↓

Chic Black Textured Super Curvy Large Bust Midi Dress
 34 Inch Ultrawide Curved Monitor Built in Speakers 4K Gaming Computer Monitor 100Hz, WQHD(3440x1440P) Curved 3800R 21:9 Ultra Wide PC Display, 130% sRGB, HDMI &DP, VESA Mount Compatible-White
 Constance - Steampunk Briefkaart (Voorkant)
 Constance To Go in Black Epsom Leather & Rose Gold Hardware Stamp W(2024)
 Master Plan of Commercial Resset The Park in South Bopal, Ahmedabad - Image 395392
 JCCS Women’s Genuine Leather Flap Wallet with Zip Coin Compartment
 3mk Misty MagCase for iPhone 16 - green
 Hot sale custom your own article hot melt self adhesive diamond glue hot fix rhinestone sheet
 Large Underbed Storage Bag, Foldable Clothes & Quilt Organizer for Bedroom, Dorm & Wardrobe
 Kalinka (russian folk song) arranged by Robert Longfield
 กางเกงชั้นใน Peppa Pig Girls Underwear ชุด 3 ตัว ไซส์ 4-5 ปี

↑

= WHAT YOU SHOULD DO =
Please restate, exactly as written, the line that holds "Large Underbed Storage" and all remaining lines of the data above, and only those.

= ANSWER SECTION =
 Large Underbed Storage Bag, Foldable Clothes & Quilt Organizer for Bedroom, Dorm & Wardrobe
 Kalinka (russian folk song) arranged by Robert Longfield
 กางเกงชั้นใน Peppa Pig Girls Underwear ชุด 3 ตัว ไซส์ 4-5 ปี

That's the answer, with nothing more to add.